1) Test-retest Reliability

This assessment refers to the consistency of outcomes over time. Testing reliability over time does not imply changing the amount of time it takes to conduct an experiment; rather, it means repeating the experiment multiple times in a short time.

For example, if I measure the length of my hair today, and tomorrow, I’ll most likely get the same result each time. 

A short period is relative in terms of reliability; two days for measuring hair length is considered short. But that’s far too long to test how quickly water dries on the sand.

A test-retest correlation is used to compare the consistency of your results. This is typically a scatter plot that shows how similar your values are between the two experiments.

If your answers are reliable, your scatter plots will most likely have a lot of overlapping points, but if they aren’t, the points (values) will be spread across the graph.

Read: Sampling Bias: Definition, Types + [Examples]

2) Internal Consistency

It’s also known as internal reliability. It refers to the consistency of results for various items when measured on the same scale.

This is particularly important in social science research, such as surveys, because it helps determine the consistency of people’s responses when asked the same questions.

Most introverts, for example, would say they enjoy spending time alone and having few friends. However, if some introverts claim that they either do not want time alone or prefer to be surrounded by many friends, it doesn’t add up.

These people who claim to be introverts or one this factor isn’t a reliable way of measuring introversion.

Internal reliability helps you prove the consistency of a test by varying factors. It’s a little tough to measure quantitatively but you could use the split-half correlation .

The split-half correlation simply means dividing the factors used to measure the underlying construct into two and plotting them against each other in the form of a scatter plot.

Introverts, for example, are assessed on their need for alone time as well as their desire to have as few friends as possible. If this plot is dispersed, likely, one of the traits does not indicate introversion.

3) Inter-Rater Reliability

This method of measuring reliability helps prevent personal bias. Inter-rater reliability assessment helps judge outcomes from the different perspectives of multiple observers.

A good example is if you ordered a meal and found it delicious. You could be biased in your judgment for several reasons, perception of the meal, your mood, and so on.

But it’s highly unlikely that six more people would agree that the meal is delicious if it isn’t. Another factor that could lead to bias is expertise. Professional dancers, for example, would perceive dance moves differently than non-professionals. 

Read: What is Experimenter Bias? Definition, Types & Mitigation

So, if a person dances and records it, and both groups (professional and unprofessional dancers) rate the video, there is a high likelihood of a significant difference in their ratings.

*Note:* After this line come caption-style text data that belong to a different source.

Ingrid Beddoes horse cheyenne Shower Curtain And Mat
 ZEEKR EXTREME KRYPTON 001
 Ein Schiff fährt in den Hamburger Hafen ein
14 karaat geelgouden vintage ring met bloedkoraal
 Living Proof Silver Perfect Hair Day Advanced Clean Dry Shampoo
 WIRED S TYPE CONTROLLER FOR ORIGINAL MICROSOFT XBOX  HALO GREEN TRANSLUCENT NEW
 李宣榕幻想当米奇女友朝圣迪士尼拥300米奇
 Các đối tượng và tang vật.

But if they both agree that the person is a great dancer, despite their opposing viewpoints, the person is likely a great dancer.

Types of Validity

Researchers use validity to determine whether a measurement is accurate or not. The accuracy of measurement is usually determined by comparing it to the standard value.

When a measurement is consistent over time and has high internal consistency, it increases the likelihood that it is valid.

1) Content Validity

This refers to determining validity by evaluating what is being measured. So content validity tests if your research is measuring everything it should to produce an accurate result.

For example, if I were to measure what causes hair loss in women. I’d have to consider things like postpartum hair loss, alopecia, hair manipulation, dryness, and so on.

By omitting any of these critical factors, you risk significantly reducing the validity of your research because you won’t be covering everything necessary to make an accurate deduction. 

Read: Data Cleaning: 7 Techniques + Steps to Cleanse Data

For example, a certain woman is losing her hair due to postpartum hair loss, excessive manipulation, and dryness, but in my research, I only look at postpartum hair loss. My research will show that she has postpartum hair loss, which isn’t accurate.

Yes, my conclusion is correct, but it does not fully account for the reasons why this woman is losing her hair.

2) Criterion Validity

This measures how well your measurement correlates with the variables you want to compare it with to get your result. The two main classes of criterion validity are predictive and concurrent.

3) Predictive validity

It helps predict future outcomes based on the data you have. For example, if a large number of students performed exceptionally well in a test, you can use this to predict that they understood the concept on which the test was based and will perform well in their exams.

4) Concurrent validity

On the other hand, involves testing with different variables at the same time. For example, setting up a literature test for your students on two different books and assessing them at the same time.

You’re measuring your students’ literature proficiency with these two books. If your students truly understood the subject, they should be able to correctly answer questions about both books.

5) Face Validity

Quantifying face validity might be a bit difficult because you are measuring the perception validity, not the validity itself. So, face validity is concerned with whether the method used for measurement will produce accurate results rather than the measurement itself.

If the method used for measurement doesn’t appear to test the accuracy of a measurement, its face validity is low.

Here’s an example: less than 40% of men over the age of 20 in Texas, USA, are at least 6 feet tall. The most logical approach would be to collect height data from men over the age of twenty in Texas, USA.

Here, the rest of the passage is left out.